US TIPS                     VAIPX                       -0.9%                         


Interestingly, although we heard a great deal of disparaging talk about the technology sector, especially concerning Facebook, the information technology sector was up 4.1% (based on VITAX), and it was one of the drivers of the superior performance of growth over value. One of the weaker areas of the US market was real estate investment trusts (REITs) with an 8.1% decline which is partially attributable to an increase in long-term Treasury yields of about 0.24% because REITs possess a degree of term risk resulting from their high dividend yields. The increase in interest rates also shows up in the negative bond returns seen above. The dollar continued its weakening trend, losing about 2% relative to a basket of foreign currencies. Nevertheless, international developed equities, unlike emerging markets, were still down for the quarter.

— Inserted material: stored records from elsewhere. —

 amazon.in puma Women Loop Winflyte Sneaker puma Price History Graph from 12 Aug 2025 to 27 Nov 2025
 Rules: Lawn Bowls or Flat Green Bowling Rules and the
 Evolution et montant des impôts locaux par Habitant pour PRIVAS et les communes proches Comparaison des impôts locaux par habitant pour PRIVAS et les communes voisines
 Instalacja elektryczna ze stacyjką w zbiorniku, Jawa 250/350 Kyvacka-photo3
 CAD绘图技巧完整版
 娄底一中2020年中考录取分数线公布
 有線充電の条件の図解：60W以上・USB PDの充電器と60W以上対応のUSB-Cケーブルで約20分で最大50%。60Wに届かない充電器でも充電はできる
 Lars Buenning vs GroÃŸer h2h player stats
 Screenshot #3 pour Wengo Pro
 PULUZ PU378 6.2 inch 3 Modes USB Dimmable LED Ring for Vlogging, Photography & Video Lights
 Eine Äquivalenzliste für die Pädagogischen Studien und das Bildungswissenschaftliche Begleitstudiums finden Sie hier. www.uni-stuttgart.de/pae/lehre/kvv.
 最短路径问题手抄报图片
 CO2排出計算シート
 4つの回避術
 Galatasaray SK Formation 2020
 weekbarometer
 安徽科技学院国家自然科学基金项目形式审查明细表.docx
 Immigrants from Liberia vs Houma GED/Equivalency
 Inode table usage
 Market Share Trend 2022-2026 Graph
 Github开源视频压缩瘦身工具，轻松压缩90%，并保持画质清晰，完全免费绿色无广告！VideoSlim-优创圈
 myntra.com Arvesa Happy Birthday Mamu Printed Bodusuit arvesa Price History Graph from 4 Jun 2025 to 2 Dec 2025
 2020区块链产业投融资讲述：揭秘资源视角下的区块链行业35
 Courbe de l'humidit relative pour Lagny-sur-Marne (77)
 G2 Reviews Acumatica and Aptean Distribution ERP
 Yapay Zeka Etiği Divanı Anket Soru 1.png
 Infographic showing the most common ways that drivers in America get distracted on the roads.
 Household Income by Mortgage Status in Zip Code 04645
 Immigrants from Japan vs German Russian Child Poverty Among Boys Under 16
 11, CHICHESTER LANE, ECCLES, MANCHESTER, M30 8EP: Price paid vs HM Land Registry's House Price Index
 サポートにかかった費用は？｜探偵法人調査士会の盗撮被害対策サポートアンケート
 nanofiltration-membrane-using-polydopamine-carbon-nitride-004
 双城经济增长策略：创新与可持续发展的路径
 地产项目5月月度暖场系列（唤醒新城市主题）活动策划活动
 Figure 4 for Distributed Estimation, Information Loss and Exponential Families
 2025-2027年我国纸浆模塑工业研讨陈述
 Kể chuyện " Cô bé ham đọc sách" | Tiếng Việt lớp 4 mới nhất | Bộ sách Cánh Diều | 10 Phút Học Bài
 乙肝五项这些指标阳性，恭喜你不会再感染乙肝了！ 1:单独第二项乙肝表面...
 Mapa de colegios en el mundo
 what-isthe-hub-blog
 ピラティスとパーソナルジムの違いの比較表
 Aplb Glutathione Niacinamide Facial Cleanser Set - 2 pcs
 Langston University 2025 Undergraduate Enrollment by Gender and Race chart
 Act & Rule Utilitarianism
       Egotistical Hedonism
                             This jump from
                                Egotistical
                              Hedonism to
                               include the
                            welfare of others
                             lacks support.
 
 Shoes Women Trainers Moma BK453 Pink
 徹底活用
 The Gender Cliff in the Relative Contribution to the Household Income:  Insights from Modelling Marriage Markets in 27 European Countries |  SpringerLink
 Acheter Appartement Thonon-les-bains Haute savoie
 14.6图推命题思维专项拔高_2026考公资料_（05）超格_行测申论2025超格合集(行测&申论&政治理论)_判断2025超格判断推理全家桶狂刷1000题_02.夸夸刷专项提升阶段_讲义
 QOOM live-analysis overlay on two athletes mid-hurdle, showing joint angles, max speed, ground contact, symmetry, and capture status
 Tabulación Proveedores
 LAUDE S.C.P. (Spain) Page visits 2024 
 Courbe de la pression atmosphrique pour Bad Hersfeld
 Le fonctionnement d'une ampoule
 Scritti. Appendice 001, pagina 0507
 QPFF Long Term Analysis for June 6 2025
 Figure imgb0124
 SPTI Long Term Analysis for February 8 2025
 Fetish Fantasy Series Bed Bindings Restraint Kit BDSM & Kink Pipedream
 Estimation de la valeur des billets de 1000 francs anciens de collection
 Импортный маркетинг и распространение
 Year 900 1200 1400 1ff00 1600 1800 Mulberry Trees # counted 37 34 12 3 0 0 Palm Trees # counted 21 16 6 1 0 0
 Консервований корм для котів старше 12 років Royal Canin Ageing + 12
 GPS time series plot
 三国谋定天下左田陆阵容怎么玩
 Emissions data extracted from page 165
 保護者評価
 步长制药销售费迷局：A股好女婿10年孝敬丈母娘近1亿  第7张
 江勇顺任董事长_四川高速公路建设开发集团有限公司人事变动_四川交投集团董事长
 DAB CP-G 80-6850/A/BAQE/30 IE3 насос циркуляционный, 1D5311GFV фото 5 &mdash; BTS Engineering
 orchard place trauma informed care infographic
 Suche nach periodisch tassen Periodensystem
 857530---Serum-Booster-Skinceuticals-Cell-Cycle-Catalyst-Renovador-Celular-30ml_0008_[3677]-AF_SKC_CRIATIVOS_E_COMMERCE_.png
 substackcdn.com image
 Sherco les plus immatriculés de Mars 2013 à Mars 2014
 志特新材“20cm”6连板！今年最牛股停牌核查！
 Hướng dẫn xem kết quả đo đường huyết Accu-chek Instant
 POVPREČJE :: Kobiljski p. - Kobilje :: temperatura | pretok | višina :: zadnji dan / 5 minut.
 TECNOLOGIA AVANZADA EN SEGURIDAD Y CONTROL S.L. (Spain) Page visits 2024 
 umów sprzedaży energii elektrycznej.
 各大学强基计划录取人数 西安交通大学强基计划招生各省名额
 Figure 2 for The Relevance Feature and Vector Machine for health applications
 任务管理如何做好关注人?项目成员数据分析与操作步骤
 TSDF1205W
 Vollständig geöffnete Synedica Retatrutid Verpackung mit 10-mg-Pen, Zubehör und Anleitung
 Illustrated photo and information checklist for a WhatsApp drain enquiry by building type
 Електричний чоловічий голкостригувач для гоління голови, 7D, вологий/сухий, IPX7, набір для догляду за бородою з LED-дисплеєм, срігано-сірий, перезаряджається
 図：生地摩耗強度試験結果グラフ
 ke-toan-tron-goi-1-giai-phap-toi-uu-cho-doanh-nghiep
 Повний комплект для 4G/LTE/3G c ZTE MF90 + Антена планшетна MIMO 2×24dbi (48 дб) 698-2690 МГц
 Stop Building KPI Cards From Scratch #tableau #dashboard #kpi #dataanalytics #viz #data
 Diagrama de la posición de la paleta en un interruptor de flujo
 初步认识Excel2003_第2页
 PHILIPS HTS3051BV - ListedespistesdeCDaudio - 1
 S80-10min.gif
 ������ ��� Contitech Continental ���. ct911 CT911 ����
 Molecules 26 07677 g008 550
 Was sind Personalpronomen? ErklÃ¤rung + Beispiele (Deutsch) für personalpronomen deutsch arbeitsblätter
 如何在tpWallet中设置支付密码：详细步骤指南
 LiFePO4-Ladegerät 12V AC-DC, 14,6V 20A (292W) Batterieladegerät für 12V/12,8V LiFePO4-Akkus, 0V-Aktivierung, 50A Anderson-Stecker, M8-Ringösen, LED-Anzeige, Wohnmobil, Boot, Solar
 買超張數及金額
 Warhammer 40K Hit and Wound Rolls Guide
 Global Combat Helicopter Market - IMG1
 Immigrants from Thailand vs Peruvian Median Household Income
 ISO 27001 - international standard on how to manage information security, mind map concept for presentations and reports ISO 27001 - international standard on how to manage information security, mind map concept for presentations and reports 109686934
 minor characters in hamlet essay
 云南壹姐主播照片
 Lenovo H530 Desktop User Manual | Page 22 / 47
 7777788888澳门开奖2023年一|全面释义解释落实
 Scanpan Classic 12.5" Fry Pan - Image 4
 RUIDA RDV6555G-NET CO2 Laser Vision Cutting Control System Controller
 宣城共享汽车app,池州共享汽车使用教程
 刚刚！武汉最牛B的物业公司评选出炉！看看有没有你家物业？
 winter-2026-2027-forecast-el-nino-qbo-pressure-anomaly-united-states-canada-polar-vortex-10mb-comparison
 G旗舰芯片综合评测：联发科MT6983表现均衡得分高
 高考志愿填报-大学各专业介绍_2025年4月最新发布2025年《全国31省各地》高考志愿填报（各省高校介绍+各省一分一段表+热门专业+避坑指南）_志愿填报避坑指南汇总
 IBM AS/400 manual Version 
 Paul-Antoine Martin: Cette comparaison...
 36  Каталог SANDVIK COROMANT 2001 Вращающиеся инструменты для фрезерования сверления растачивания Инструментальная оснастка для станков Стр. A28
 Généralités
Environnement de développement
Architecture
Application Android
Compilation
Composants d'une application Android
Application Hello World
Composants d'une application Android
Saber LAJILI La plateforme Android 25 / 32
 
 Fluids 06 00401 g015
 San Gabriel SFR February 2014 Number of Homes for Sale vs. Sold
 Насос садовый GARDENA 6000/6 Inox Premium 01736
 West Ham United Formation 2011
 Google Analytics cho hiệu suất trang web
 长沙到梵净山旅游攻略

Given that the Federal Reserve is no longer supporting asset prices through its Quantitative Easing program, we are now on our own. With a strong US and global economy that is operating at full employment, aside from political risks, the biggest risk to investors appears to be unexpected inflation. For now, inflation appears to be under control with the 10-year breakeven inflation rate holding around 2%. As for whether we expect the increased volatility to continue, we turn to the CBOE Volatility Index (VIX), which ended the quarter just under 20 which is about 80% higher than where it began but quite a bit lower than its quarterly closing high of 37. From this we infer that the market expects higher-than-pre-2018 volatility but perhaps not as high as we experienced in the first quarter. Time will tell!